I want to build a Gibson futura but cant find a printable tracing anywhere, just the body... can anyone help me please?
Thanks!!!!! So MUUUUCHHHH!!!!


----------



## Silvertone (Oct 13, 2018)

I already told you I would send you a pdf file. Send me a PM with your e-mail and I will send it.










You can check out my build thread here - Futura Build

Cheers Peter.


----------



## Guest (Aug 5, 2019)

@fernando bocadillos
If you're not sure how to contact him, 'click' his name, a prompt will pop up, click 'start a conversation'.


----------



## Silvertone (Oct 13, 2018)

laristotle said:


> @fernando bocadillos
> If you're not sure how to contact him, 'click' his name, a prompt will pop up, click 'start a conversation'.
> 
> View attachment 265692


Thanks - I should have thought of that myself. 

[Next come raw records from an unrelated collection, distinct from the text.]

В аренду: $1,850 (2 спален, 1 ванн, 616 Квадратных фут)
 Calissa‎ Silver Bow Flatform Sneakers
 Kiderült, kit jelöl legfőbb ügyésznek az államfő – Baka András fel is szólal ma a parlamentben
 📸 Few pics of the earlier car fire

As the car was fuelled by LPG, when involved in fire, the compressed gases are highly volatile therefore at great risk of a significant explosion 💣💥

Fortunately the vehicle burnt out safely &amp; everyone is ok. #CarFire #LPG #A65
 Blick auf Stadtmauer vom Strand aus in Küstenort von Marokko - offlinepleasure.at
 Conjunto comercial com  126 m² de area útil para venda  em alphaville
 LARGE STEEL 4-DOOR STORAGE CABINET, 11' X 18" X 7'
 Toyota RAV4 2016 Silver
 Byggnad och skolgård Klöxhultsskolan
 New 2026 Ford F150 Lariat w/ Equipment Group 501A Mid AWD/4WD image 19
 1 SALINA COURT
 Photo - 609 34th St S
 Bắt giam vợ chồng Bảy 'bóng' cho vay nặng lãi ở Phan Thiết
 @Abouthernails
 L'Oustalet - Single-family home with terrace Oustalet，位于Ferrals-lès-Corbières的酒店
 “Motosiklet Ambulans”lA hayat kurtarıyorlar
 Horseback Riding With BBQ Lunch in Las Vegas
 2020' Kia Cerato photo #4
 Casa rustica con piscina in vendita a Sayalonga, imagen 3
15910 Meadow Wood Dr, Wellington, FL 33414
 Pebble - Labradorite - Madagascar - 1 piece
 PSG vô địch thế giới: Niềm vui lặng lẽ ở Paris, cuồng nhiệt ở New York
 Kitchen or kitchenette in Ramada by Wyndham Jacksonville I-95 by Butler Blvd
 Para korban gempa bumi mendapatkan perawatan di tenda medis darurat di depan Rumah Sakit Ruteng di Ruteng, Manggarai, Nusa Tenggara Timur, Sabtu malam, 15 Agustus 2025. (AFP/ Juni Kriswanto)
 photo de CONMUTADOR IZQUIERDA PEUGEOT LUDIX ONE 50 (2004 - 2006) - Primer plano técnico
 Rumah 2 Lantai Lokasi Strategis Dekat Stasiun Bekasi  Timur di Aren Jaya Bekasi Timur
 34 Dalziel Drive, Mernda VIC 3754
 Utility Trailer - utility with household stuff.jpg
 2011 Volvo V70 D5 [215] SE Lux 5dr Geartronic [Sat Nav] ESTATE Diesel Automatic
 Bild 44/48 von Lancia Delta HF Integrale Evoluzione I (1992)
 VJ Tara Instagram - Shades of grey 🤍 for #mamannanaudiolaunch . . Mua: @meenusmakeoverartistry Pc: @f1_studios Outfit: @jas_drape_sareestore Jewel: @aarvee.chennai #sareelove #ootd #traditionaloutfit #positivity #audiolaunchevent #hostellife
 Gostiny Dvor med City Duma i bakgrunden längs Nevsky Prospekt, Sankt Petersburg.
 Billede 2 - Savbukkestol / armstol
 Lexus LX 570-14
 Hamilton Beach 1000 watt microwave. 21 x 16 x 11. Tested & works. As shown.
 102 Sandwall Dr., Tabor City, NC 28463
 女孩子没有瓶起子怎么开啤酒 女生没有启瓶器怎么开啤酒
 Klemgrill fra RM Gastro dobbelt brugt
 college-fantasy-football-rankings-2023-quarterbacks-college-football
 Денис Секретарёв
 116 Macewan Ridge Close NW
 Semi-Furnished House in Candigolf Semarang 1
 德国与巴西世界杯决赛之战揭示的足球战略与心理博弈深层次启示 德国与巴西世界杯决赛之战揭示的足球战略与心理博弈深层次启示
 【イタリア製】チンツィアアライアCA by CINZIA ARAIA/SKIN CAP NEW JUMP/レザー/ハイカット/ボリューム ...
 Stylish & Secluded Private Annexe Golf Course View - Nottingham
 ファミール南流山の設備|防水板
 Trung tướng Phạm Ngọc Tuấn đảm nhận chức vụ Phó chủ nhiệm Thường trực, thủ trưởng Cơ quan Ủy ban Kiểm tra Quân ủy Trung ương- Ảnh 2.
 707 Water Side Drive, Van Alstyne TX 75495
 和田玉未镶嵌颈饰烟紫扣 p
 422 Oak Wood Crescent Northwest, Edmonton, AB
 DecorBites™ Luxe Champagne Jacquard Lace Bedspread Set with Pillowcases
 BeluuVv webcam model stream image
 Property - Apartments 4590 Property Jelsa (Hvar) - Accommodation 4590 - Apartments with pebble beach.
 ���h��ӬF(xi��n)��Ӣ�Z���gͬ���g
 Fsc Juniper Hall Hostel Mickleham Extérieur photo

I had posted the pdf in the other thread for about a week and there was no response. I took down the pdf because I did do a lot of work on that drawing and didn't necessarily want it to show up on a free download site. I do not mind giving it out to people here or other forums that ask for some help.

Regards Peter.


----------



## Guest (Aug 6, 2019)

Checked his profile. Only 3 posts and all Futura. Guess he doesn't want to follow up.
In a month from now, when he starts a new thread again, just ignore it.


----------



## knight_yyz (Mar 14, 2015)

I thought this was the futura


----------



## Silvertone (Oct 13, 2018)

That is the more recent one. This is the original proto-type Futura which turned into the Explorer in 1957 - 58.










Cheers Peter.


----------



## fernando bocadillos (Jun 9, 2019)

laristotle said:


> Checked his profile. Only 3 posts and all Futura. Guess he doesn't want to follow up.
> In a month from now, when he starts a new thread again, just ignore it.


Mmm, thats the Corvus I think.


----------



## fernando bocadillos (Jun 9, 2019)

Silvertone said:


> Thanks - I should have thought of that myself.
> 
> I had posted the pdf in the other thread for about a week and there was no response. I took down the pdf because I did do a lot of work on that drawing and didn't necessarily want it to show up on a free download site. I do not mind giving it out to people here or other forums that ask for some help.
> 
> Regards Peter.


Thanks Silvertone for being kind.


----------